From the line that contains "Инсталляция для подвесного" through the closing line of the entries, write out each line exactly; pictures stay out.
DATASET EXTRACT below:
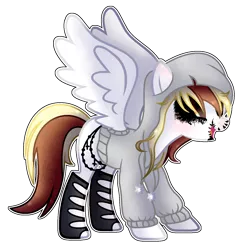 Size: 1368x1392 | Tagged: artist:celestial-rue0w0, black sclera, blank flank, clothes, colored sclera, demon, demon pony, derpibooru import, female, hoodie, mare, markings, oc, oc:raggy, open mouth, original species, pegasus, safe, simple background, socks, solo, stockings, thigh highs, torn clothes, transparent background, unofficial characters only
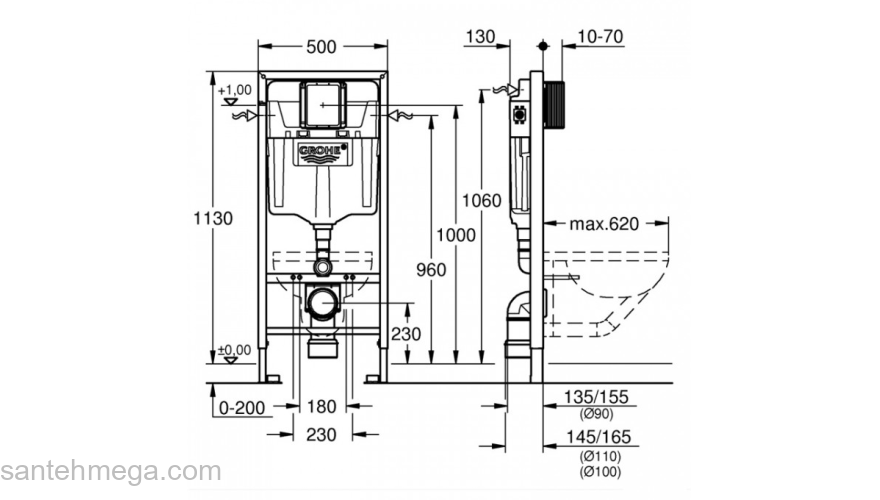 Инсталляция для подвесного унитаза 3 в 1 GROHE Rapid SL Solido 39501000. Фото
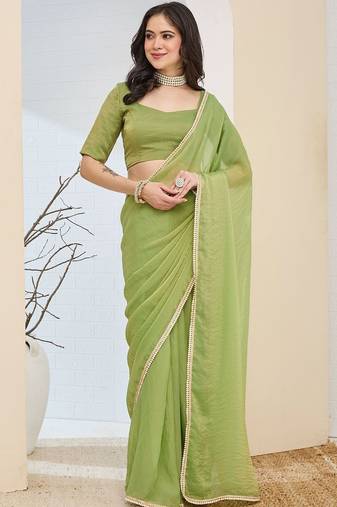 Lime green plain silk blend party wear saree with blouse piece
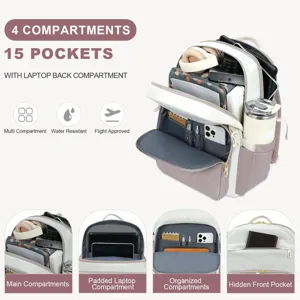 Grand sac à dos de voyage avec 4 compartiments et poche pour ordinateur
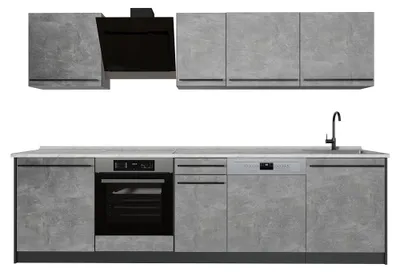 Imagen del producto de Mueble de cocina Vicco R-Line Hormigón/Antracita 280 cm encimera Mármol, Model 67155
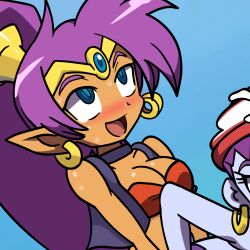 1futa animated cum cum_inside cum_on_breasts cum_on_face dickgirl female futa_on_female futanari implied_futanari intersex peachypop34 risky_boots shantae shantae_(character) smooth_skin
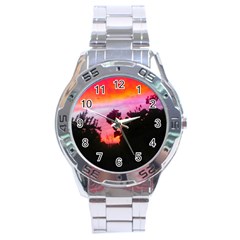 Sunset And Geraniums Stainless Steel Analogue Watch by okhismakingart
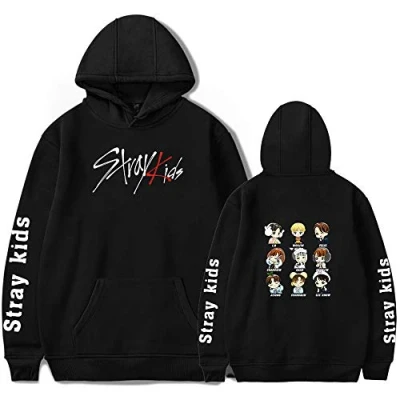 Afbeelding van KPOP Stray Kids hoodies lange mouwen herfst winter print losse pullover Bang Chan Changbin Hyunjin Felix Seungmin Jeongin Jisung Minho Woojin, Kleur: zwart/bruin,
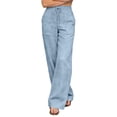 thumbnail image 6 of CYYOLLPF Palazzo Pants for Women Dress Pants Women Work Pants Women Sweat Pants for Womens Gaucho Pants for Women Capsule Wardrobe for Women 2026 Culottes for Women Sweatpants Blue M, 6 of 9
End of DATASET EXTRACT.
# EXERCISE SOLUTION
 Инсталляция для подвесного унитаза 3 в 1 GROHE Rapid SL Solido 39501000. Фото
 Lime green plain silk blend party wear saree with blouse piece
 Grand sac à dos de voyage avec 4 compartiments et poche pour ordinateur
 Imagen del producto de Mueble de cocina Vicco R-Line Hormigón/Antracita 280 cm encimera Mármol, Model 67155
 1futa animated cum cum_inside cum_on_breasts cum_on_face dickgirl female futa_on_female futanari implied_futanari intersex peachypop34 risky_boots shantae shantae_(character) smooth_skin
 Sunset And Geraniums Stainless Steel Analogue Watch by okhismakingart
 Afbeelding van KPOP Stray Kids hoodies lange mouwen herfst winter print losse pullover Bang Chan Changbin Hyunjin Felix Seungmin Jeongin Jisung Minho Woojin, Kleur: zwart/bruin,
 thumbnail image 6 of CYYOLLPF Palazzo Pants for Women Dress Pants Women Work Pants Women Sweat Pants for Womens Gaucho Pants for Women Capsule Wardrobe for Women 2026 Culottes for Women Sweatpants Blue M, 6 of 9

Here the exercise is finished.